São apenas um exemplo de um patrimônio ainda maior que espera para revitalização –hoje, toda a vila construída pelos ingleses no século 19 é um museu a céu aberto, como definem os moradores e antigos funcionários.
“Paranapiacaba não pode ser vista apenas como vila, museu. Aquilo é um complexo ferroviário”, define a museóloga e historiadora Maria Inês Mazzoco, 60, que vive desde a infância em torno do trem.
A própria história dela, aliás, merece registro.
Começa pelo bisavô de Maria, que veio de Portugal para trabalhar como maquinista da ferrovia que corta a serra do Mar. Pai e avô, conta, também não escaparam dessa trajetória nos trilhos.

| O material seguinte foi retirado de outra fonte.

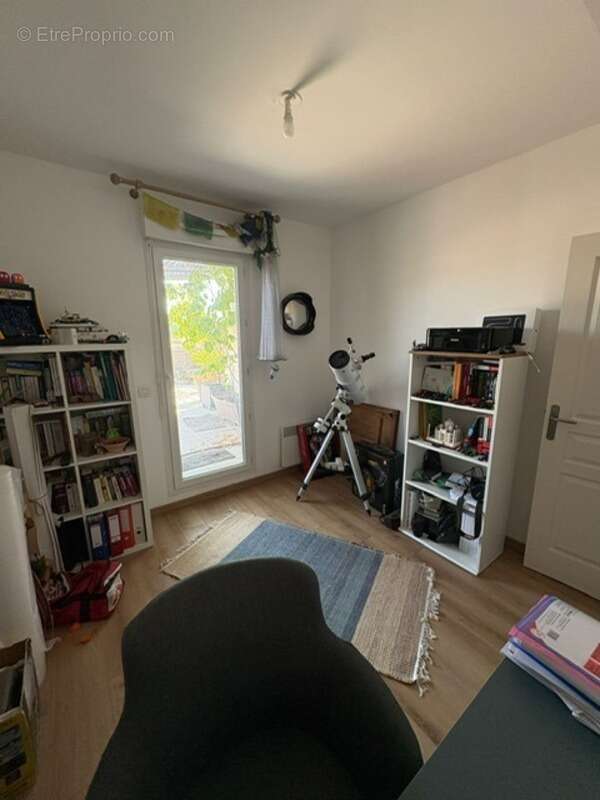 Appartement à ROQUEVAIRE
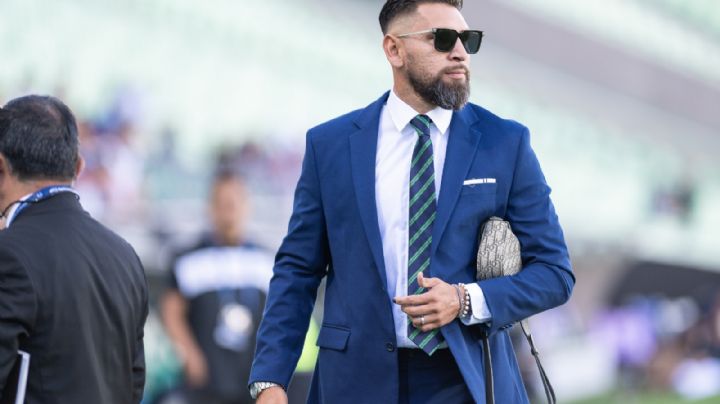 Llega Jonathan Orozco a El Barrial a entrevista para ser nuevo entrenador de portero de Rayados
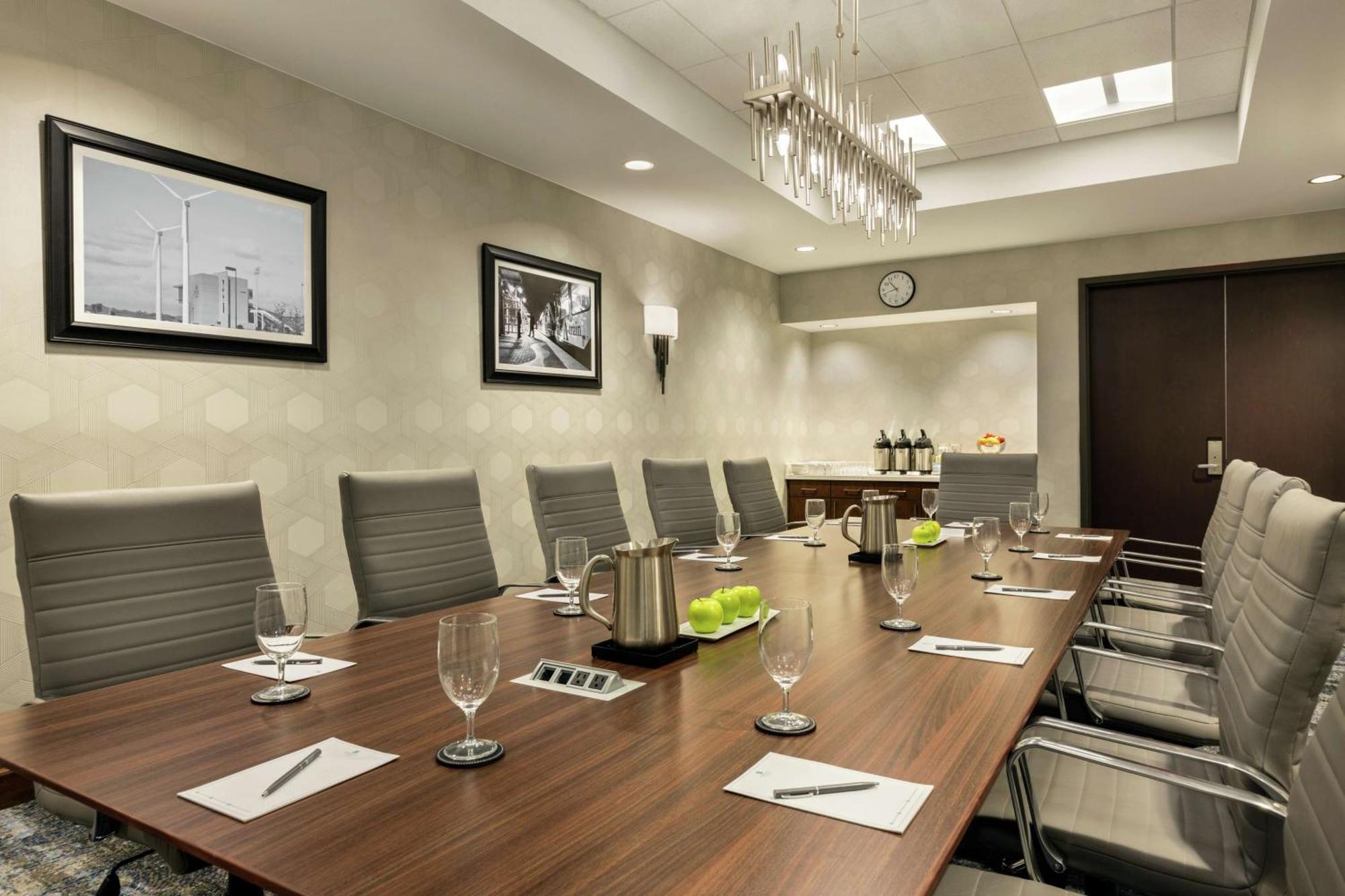 Embassy Suites By Hilton Denton Convention Center Extérieur photo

Não deu em outra: coube a ela a continuar a tradição ferroviária na família. Ingressou na Rede Ferroviária como bibliotecária, em 1977. Logo se apaixonou pelo trabalho de preservação, atividade à qual se dedica até hoje, já aposentada.
REVITALIZAÇÃO
Agora, Maria Inês é mais uma das pessoas que sonha em ver a revitalização do lugar. A começar pelos galpões que abrigam os trens do início deste texto.
Segundo a ABPF-SP (Associação Brasileira de Preservação Ferroviária), um projeto de recuperação emergencial já foi encaminhado aos órgãos de preservação e, em breve, deve seguir para o Ministério da Cultura.
A ideia é tentar obter recursos via lei Rouanet para iniciar a recuperação da arquitetura do Museu Funicular.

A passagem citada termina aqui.